The next act of the struggle increased the world’s bewilderment and confusion of loyalties, for it was undertaken not by Hitler, but by Stalin. Like all Europe’s tyrants, Russia’s leader assessed the evolving conflict in terms of the opportunities it offered him for aggrandisement. In the autumn of 1939, having secured eastern Poland, he sought further to enhance the Soviet Union’s strategic position by advancing into Finland. The country, a vast, sparsely inhabited wilderness of lakes and forests, was one among many whose frontier, indeed very existence, was of short duration, and thus vulnerable to challenge. Part of Sweden until the Napoleonic Wars, thereafter it was ruled by Russia until 1918, when Finnish anti-Bolsheviks triumphed in a civil war.

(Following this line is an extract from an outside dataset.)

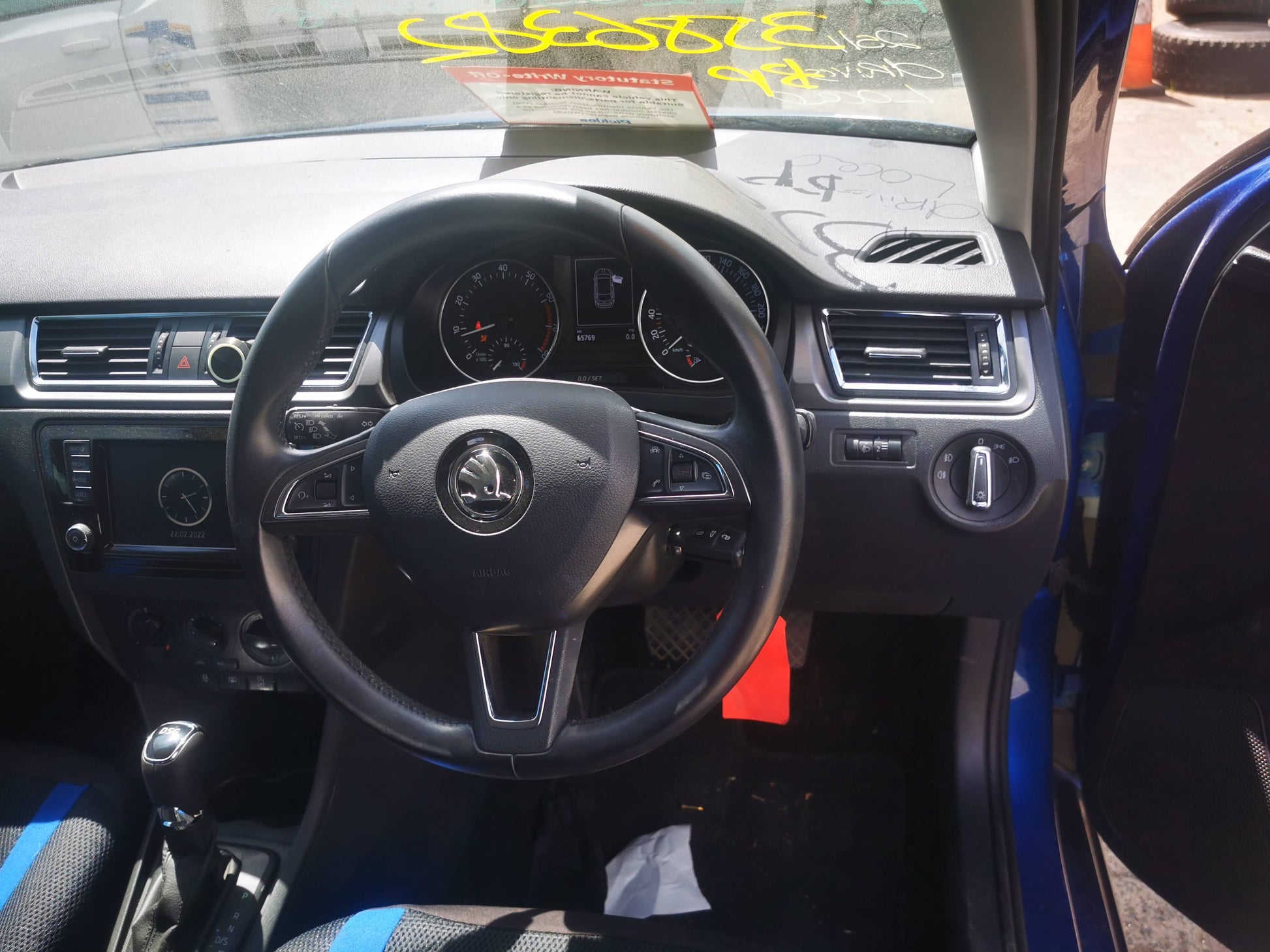 2016 SKODA RAPID STEERING WHEEL, NH, 05/14-12/20 5E0880201A RIGHT AIRBAG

In October 1939, Stalin determined to strengthen the security of Leningrad, only thirty miles inside Soviet territory, by pushing back the nearby Finnish frontier across the Karelian isthmus, and occupying Finnish-held islands in the Baltic; he also coveted nickel mines on Finland’s north coast. A Finnish delegation, summoned to receive Moscow’s demands, prompted international amazement by rejecting them. The notion that a nation of 3.6 million people might resist the Red Army seemed fantastic, but the Finns, though poorly armed, were nationalistic to the point of folly. Arvo Tuominen, a prominent Finnish communist, declined Stalin’s invitation to form a shadow puppet government, and went into hiding. Tuominen said: ‘It would be wrong, it would be criminal, it was not a picture of the free rule of the people.’
At 0920 on 30 November, Russian aircraft launched the first of many bomber attacks on Helsinki, causing little damage save to the Soviet Legation and the nerves of the British ambassador, who asked to be relieved of his post. Russian forces advanced across the frontier in several places, and Finns joked: ‘They are so many and our country is so small, where shall we find room to bury them all?’ The nation’s defence was entrusted to seventy-two-year-old Marshal Carl Gustav Mannerheim, hero of many conflicts, most recently Finland’s civil war. As a Tsarist officer posted to Lhasa, Mannerheim had once taught the Dalai Lama pistol-shooting; he spoke seven languages, Finnish least fluently. His hauteur was comparable to that of Charles de Gaulle; his ruthlessness had been manifested in the 1919–20 purges of the defeated Finnish communists.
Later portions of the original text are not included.